It is known to prepare glucose from cellulose by hydrolysis.

Such methods are for example described - - in American patents 3,642,580 and 4,097,333, as well as in the published German patent application - 29 08 1991.

These known methods have the disadvantage, however, that the treated cellulose must be present in a relatively pure state and in a finely divided state (US Patent 3,642,580). In another method, a preliminary treatment with ethylene of the cellulosic materials has been proposed (American patent 4,097,333). Yet another method consists in dissolving the cellulosic material in Cadoxen after elimination of the hemicelluloses, which then, after separation of the lignin, is reprecipitated (German patent application published 29 08 1991).

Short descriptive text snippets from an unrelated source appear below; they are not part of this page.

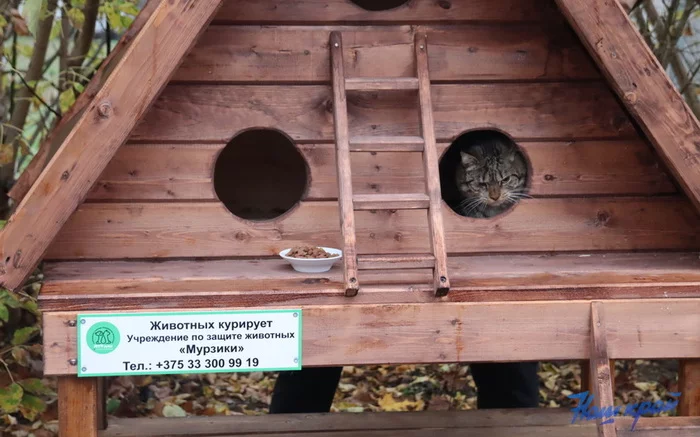 Houses for stray cats installed in Baranovichi - Republic of Belarus, news, Kindness, Animals, cat, Volunteering, House, Baranovichi, Longpost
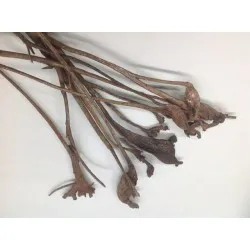 Natray naturel 10pcs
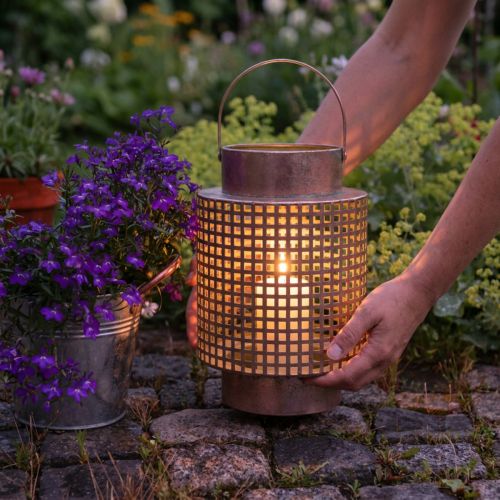 Lanterna decorativa de metal com alça rosa Ø18cm Alt.29cm | Floristik24.pt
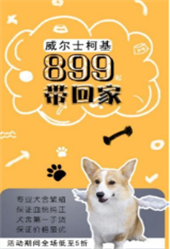 宠狐截图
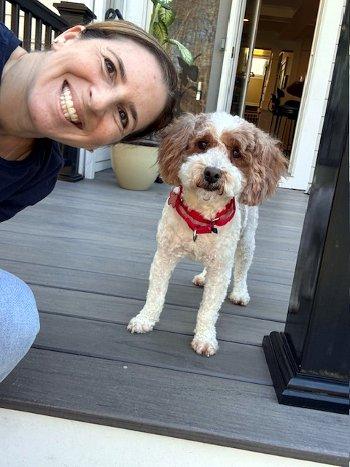 Party Charlie, an adopted Miniature Poodle in Bedford Hills, NY image 4/5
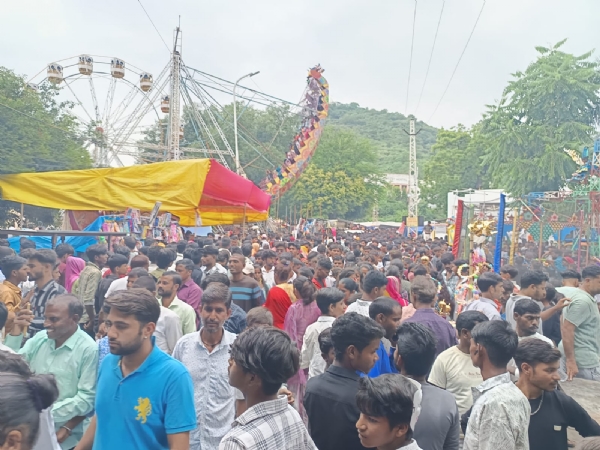 हरियाली अमावस्या मेले में झूलों की धमाल, मालपुओं का कमाल -उमड़ा उमंगों का सैलाब
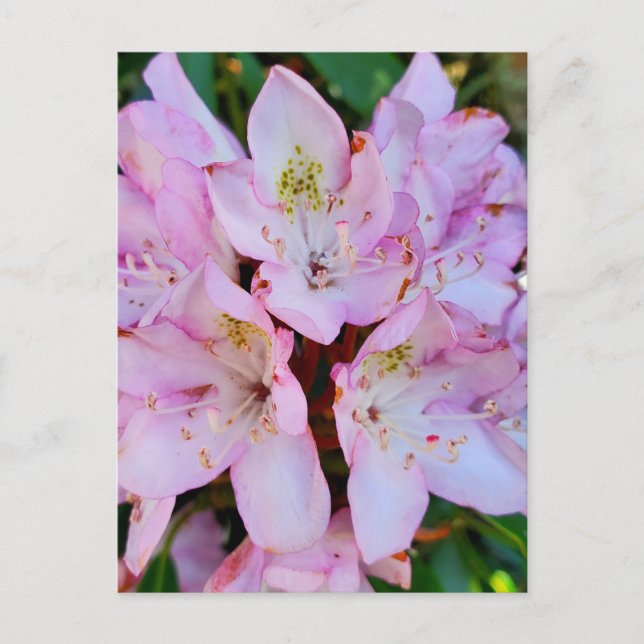 Pink Rhododendron Flower Postcard (Front)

The object of the invention is to propose a relatively simple and very economical process; putting to increase the reactivity of the cellulose! "* contained in lignocellulosic materials, so as to make cellulose accessible to degradation, hydrolytic degradation, on the one hand, and to reagents for manufacturing substituted derivatives of cellulose, d On the other hand, without the need to subject the lignocellulosic materials to a long, costly or energy-consuming pretreatment, as in the methods which are the subject of the publications cited above. J / 3 For this purpose, according to the invention, the lignocellulosic materials are first subjected to a selective degradation of lignin and hemicelluloses and then the cellulose thus made accessible is subjected to hydrolysis, in particular for form glucose, or be a substitution reaction, to form substituted cellulose.

Advantageously, according to the invention, the lignocellulosic materials are subjected to the aforementioned selective degradation in an oxidizing solvent so as to at least partially degrade the lignin and the hemicelluloses into soluble compounds, while maintaining the cellulose thus rendered accessible in solid state.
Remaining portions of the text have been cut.